[About this task]
Reproduce exactly the lines from the line containing "kyrgyzstan flag frozen in ice cube" through the end of the records below, including both ends, and nothing else.

*** Data to use Section Begins ***

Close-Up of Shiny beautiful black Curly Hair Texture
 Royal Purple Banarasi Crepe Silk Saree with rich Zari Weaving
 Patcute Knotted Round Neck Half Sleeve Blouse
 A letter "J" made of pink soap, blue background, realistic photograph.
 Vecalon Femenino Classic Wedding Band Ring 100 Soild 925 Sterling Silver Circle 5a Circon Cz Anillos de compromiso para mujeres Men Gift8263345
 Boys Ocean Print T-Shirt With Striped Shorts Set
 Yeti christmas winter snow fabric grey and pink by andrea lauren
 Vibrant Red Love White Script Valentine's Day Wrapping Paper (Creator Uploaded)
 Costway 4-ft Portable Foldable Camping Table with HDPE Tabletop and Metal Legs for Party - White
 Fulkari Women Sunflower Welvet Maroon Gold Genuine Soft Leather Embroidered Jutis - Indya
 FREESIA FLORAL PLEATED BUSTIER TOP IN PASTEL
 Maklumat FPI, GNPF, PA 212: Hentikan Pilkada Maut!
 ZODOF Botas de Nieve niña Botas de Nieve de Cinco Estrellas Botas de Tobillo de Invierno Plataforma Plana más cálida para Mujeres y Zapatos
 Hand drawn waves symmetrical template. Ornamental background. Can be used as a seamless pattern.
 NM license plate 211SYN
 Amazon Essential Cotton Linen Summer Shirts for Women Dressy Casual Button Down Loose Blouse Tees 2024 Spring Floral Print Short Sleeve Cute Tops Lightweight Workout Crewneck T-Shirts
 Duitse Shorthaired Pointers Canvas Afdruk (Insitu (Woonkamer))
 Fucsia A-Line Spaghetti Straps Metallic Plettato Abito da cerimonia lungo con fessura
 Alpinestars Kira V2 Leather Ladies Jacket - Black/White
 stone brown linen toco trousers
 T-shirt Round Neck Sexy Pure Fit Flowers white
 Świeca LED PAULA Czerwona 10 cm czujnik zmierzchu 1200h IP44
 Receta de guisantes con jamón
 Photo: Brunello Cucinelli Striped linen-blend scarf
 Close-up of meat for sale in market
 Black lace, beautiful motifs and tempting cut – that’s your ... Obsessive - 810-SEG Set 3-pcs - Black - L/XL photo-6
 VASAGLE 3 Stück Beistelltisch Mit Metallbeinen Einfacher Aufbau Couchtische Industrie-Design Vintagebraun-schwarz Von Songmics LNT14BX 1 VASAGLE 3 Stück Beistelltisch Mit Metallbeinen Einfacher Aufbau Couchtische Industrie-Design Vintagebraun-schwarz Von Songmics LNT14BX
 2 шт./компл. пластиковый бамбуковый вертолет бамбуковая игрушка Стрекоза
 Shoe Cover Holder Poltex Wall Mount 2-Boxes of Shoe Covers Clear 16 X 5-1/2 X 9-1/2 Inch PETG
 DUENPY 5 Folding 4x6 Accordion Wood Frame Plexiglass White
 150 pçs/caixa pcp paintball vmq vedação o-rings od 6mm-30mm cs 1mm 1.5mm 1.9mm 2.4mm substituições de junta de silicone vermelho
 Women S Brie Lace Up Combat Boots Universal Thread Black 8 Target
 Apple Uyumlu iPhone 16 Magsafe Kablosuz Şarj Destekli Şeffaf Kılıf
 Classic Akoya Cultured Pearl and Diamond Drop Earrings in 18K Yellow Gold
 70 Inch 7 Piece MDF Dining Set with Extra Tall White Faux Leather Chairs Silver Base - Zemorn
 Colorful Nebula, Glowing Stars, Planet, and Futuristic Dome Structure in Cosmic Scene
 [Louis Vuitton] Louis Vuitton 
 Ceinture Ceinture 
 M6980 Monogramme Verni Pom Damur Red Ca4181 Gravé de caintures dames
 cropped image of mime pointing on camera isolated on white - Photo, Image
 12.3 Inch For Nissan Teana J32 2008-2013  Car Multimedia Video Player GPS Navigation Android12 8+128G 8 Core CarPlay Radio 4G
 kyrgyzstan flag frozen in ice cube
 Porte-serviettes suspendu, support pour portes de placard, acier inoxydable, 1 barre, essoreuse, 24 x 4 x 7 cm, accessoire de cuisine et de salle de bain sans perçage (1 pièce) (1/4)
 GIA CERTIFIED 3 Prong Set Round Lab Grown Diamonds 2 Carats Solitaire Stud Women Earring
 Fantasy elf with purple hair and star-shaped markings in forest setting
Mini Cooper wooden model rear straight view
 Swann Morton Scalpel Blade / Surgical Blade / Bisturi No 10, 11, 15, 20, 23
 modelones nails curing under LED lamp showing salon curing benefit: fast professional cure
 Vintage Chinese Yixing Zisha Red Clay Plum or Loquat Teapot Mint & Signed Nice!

*** Data to use Section Ends ***

[Output of the exercise]
 kyrgyzstan flag frozen in ice cube
 Porte-serviettes suspendu, support pour portes de placard, acier inoxydable, 1 barre, essoreuse, 24 x 4 x 7 cm, accessoire de cuisine et de salle de bain sans perçage (1 pièce) (1/4)
 GIA CERTIFIED 3 Prong Set Round Lab Grown Diamonds 2 Carats Solitaire Stud Women Earring
 Fantasy elf with purple hair and star-shaped markings in forest setting
Mini Cooper wooden model rear straight view
 Swann Morton Scalpel Blade / Surgical Blade / Bisturi No 10, 11, 15, 20, 23
 modelones nails curing under LED lamp showing salon curing benefit: fast professional cure
 Vintage Chinese Yixing Zisha Red Clay Plum or Loquat Teapot Mint & Signed Nice!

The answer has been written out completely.